Exercise data section start

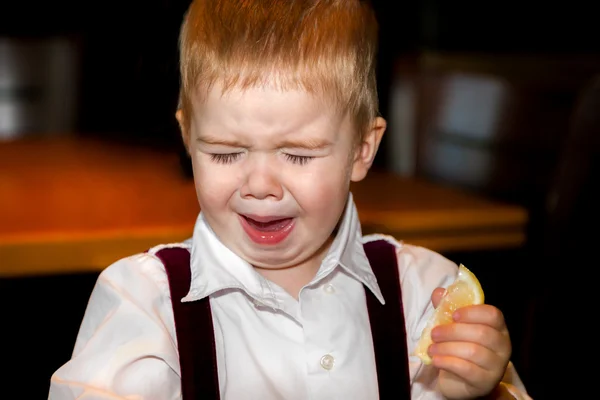 Little Boy Sour Lemon Face — Stock Photo, Image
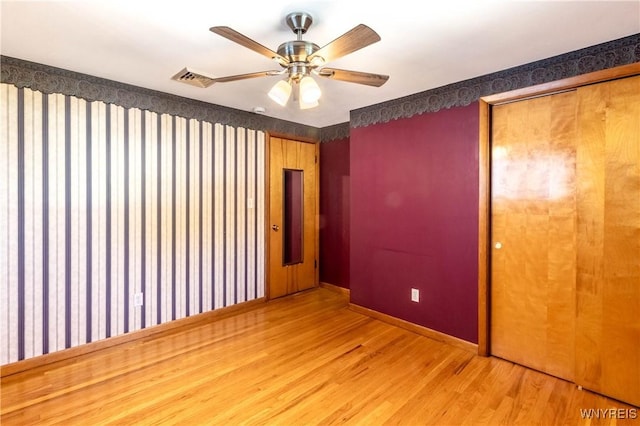 291 Everett Pl, Tonawanda-Town, NY 14150 - empty room with wood finished floors, baseboards, and ceiling fan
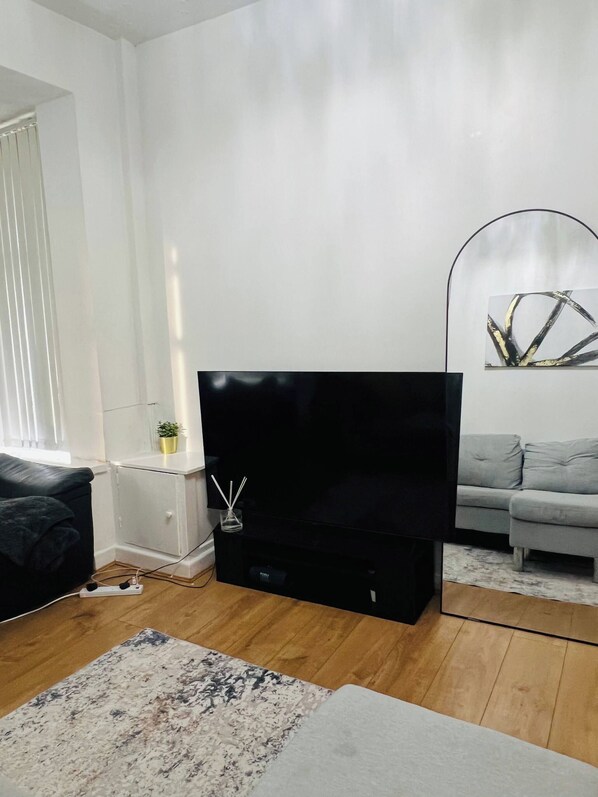 Uma sala de estar moderna com uma TV de tela plana, um sofá cinza, uma mesa de centro e um abajur.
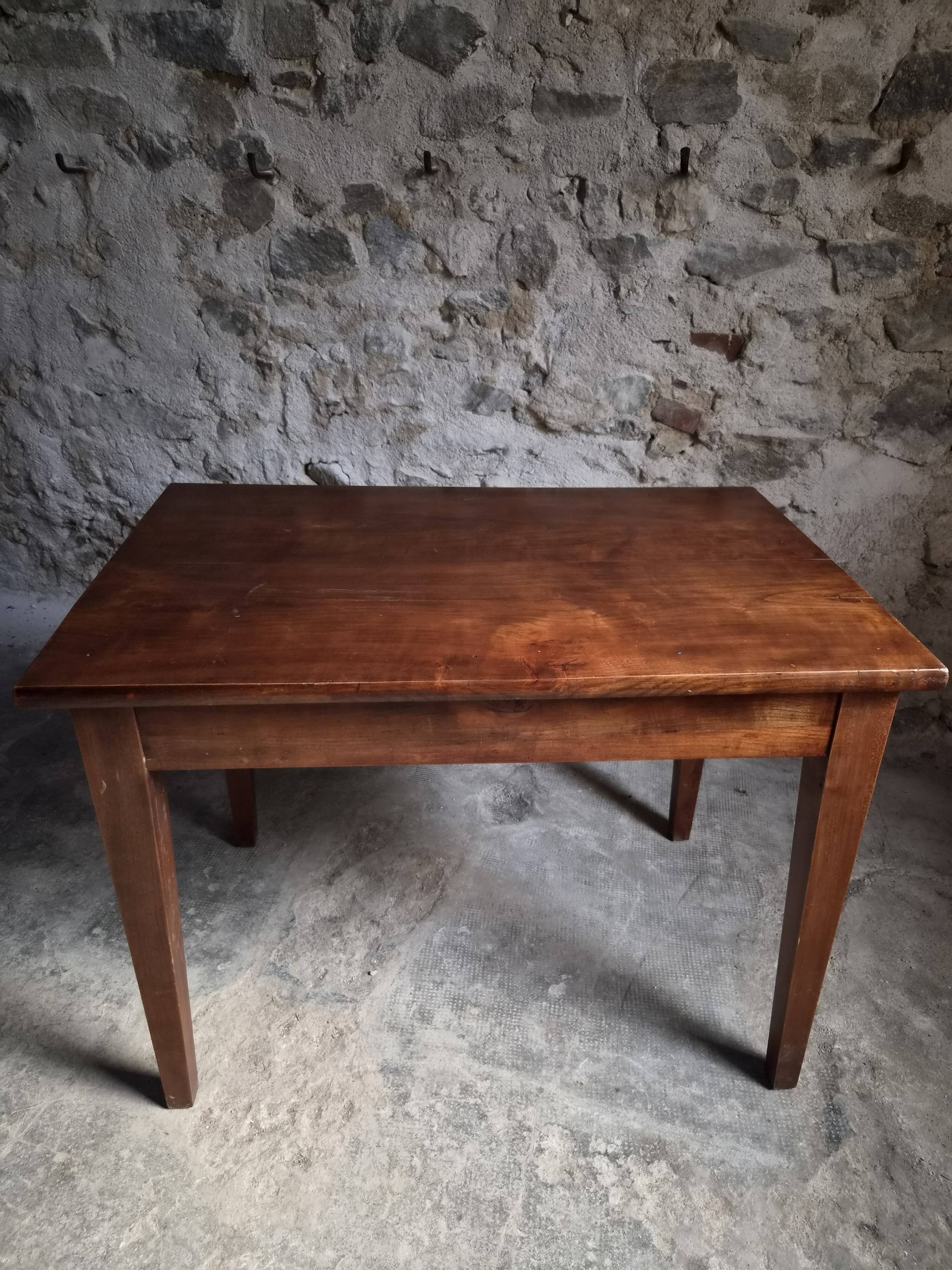 Old French table in cherry wood with bistro chair, circa 1900–1930.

Exercise data section end

What is being asked: Pictures are not part of the copy; retype all the other material exactly.

Exercise response:
 Little Boy Sour Lemon Face — Stock Photo, Image
 291 Everett Pl, Tonawanda-Town, NY 14150 - empty room with wood finished floors, baseboards, and ceiling fan
 Uma sala de estar moderna com uma TV de tela plana, um sofá cinza, uma mesa de centro e um abajur.
 Old French table in cherry wood with bistro chair, circa 1900–1930.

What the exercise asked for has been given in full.